» **DATA EXTRACT**
-------------------------
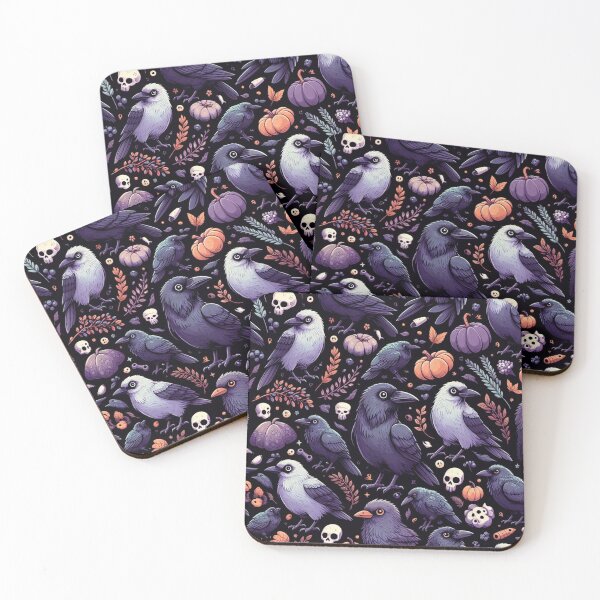 Item preview, Ravens Illustration Pattern designed and sold by DoggoTankDesign.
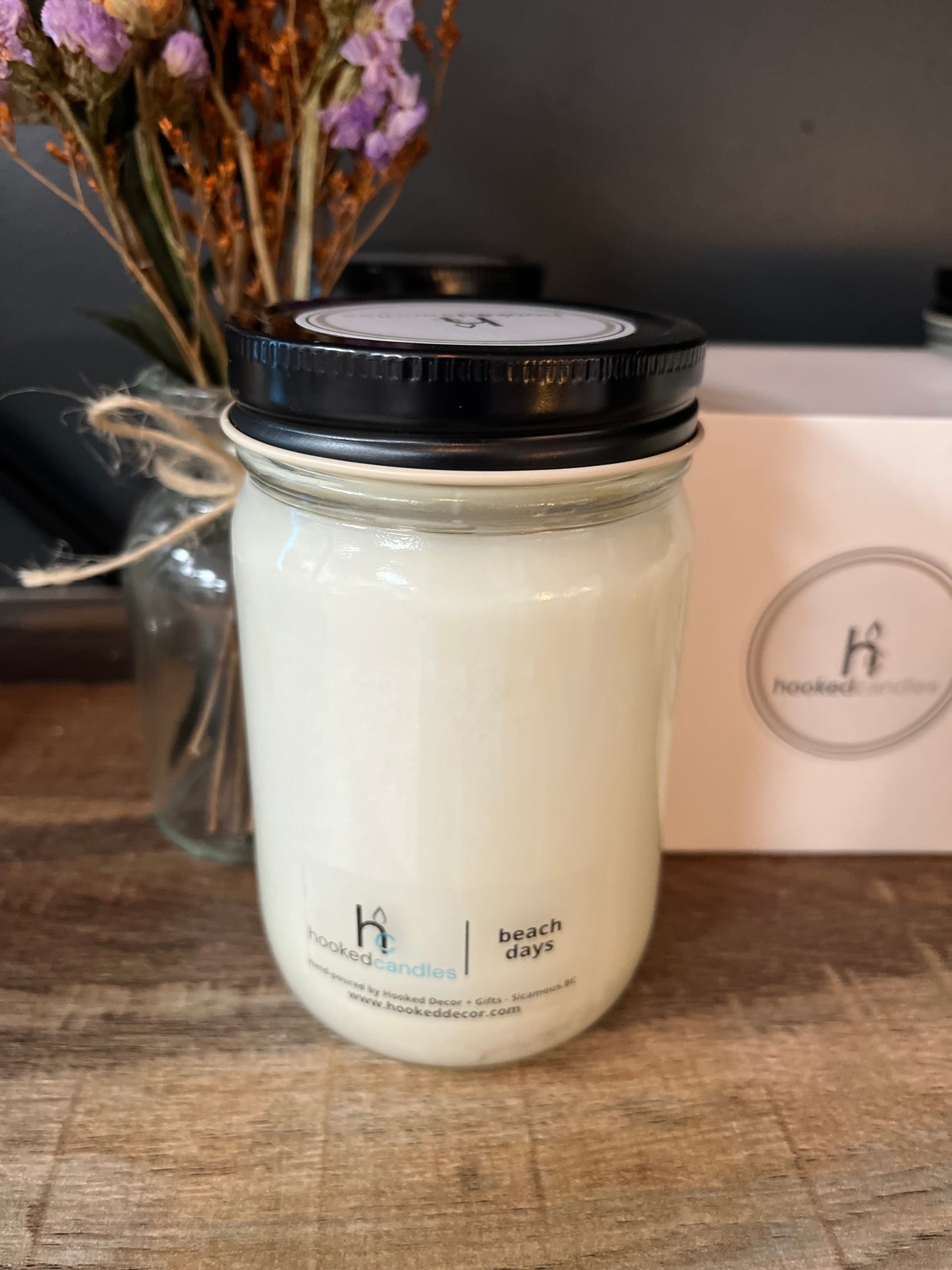 “Beach Vibes” Mason Jar Candle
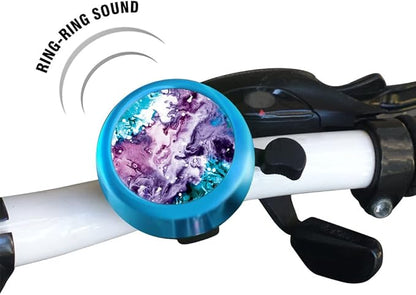 WIRESTER Blue Aluminum Round Bike Bell, Classic Ring Bicycle Bell, Bike Accessories Bell Ring for Adults Kids Girls Boys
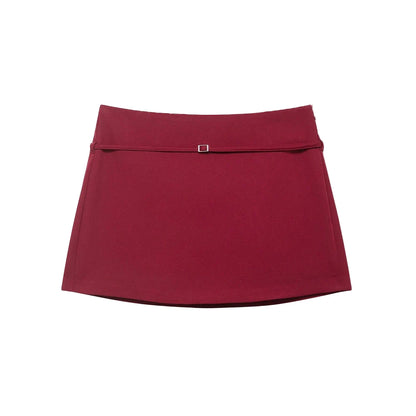 Solid Color Skort Belt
-------------------------
Every line of the data above should be returned exactly, with the pictures removed.

» **EXERCISE ANSWER**
 Item preview, Ravens Illustration Pattern designed and sold by DoggoTankDesign.
 “Beach Vibes” Mason Jar Candle
 WIRESTER Blue Aluminum Round Bike Bell, Classic Ring Bicycle Bell, Bike Accessories Bell Ring for Adults Kids Girls Boys
 Solid Color Skort Belt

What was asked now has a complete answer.